A violent sexual assault that occurred in Washington, D.C., five years ago was reportedly scrubbed from the city’s crime statistics.
This is according to Anna Giaritelli, a longtime Washington Examiner reporter who penned a report published Thursday describing the horrific attack that she experienced on a Saturday morning in 2020.
—THREAD—
This is the most important story I’ve told. It’s my story. I’ve waited five years to share it, and I’m ready now.
I’m Anna Giaritelli. The DC police are covering up crime. I know because they covered up what happened to me.https://t.co/yk5N7j7XQ9
— Anna Giaritelli (@Anna_Giaritelli) August 14, 2025
“I walked out of my apartment on Capitol Hill to mail a package at a post office several blocks from the U.S. Capitol,” she wrote in the report. “I put on my black sweatshirt and black sweatpants then headed out the door. I never made it to the post office.”
“Just one block from my apartment building’s entrance, I was attacked by a large man well over six feet tall. He charged at me for a reason that I still do not understand. In broad daylight and on well-traveled 2nd Street NE next to Union Station, I fought to get away as he sexually assaulted me,” she added.

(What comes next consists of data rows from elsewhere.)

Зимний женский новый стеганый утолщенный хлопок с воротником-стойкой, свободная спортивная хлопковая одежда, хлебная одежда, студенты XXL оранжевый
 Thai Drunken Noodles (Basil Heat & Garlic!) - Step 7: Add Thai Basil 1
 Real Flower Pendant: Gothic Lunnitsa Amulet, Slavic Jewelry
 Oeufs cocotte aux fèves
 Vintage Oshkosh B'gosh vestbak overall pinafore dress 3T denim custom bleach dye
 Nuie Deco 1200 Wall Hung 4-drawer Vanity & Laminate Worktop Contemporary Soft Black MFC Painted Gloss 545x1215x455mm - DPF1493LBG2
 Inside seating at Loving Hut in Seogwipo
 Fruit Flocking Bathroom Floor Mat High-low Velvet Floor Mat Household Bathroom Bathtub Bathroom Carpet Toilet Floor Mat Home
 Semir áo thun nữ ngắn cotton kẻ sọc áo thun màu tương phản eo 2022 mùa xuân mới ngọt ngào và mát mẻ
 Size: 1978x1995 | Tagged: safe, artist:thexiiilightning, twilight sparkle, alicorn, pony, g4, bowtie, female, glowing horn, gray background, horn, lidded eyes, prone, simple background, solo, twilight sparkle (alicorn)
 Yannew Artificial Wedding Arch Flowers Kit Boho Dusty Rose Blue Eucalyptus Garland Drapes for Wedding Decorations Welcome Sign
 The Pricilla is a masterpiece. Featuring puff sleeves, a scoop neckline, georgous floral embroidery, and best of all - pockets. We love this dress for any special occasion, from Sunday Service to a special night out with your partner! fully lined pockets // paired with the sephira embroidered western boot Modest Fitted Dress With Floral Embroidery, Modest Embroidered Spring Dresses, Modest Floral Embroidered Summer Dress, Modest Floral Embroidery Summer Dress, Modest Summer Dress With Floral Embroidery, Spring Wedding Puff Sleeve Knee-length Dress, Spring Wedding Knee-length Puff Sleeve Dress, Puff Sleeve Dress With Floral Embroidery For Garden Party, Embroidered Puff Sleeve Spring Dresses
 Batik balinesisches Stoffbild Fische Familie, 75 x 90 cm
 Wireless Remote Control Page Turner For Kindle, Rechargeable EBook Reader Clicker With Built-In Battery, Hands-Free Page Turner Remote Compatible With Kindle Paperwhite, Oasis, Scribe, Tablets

She only made it out safe and sound because of the help of “others in the vicinity, including a construction worker named Donny who heard my screaming and ran to my rescue.”
Thankfully, her attacker was arrested a few months later and charged.
But there were a few problems, starting with the fact that the D.C. police, aka the Metropolitan Police Department (MPD), subsequently decided to cover up her sexual assault.
“MPD’s ‘Crime Cards’ online statistics page omits mentioning it,” she explained. “When I asked MPD in 2020 why my incident was not on its crime map, an MPD spokesman said the city only includes 1st degree felonies under its crime stats.”
“That would mean that for every person robbed, assaulted, or sexually abused in anything less than egregious ways, you have not been counted into the total tally. The pain you suffered was not severe enough, according to MPD’s standards,” she added.
To this day, her sexual assault remains unlisted:
In a follow-up email to @DCPoliceDept this week, an MPD spokesperson stated after a back-and-forth exchange that the map includes some sex abuse charges, but not all of them. In my case, my attacker’s crime against me, which landed him in prison, is still not listed.
The 54 sex… pic.twitter.com/YmKOMnDVfl
— Anna Giaritelli (@Anna_Giaritelli) August 14, 2025
According to Giaritelli, the courts also decided to go soft on her attacker.
“Police arrested him, but he was immediately released from jail by the judge who presided over the case,” she revealed. “The assistant U.S. Attorney who prosecuted my case told me it was to keep the D.C. jail from overcrowding.”
“Trial proceedings were set to begin in the fall of 2020, but amid the George Floyd riots in downtown Washington, it was delayed until early 2021. Then, the early 2021 start was delayed until the end of 2021,” she continued.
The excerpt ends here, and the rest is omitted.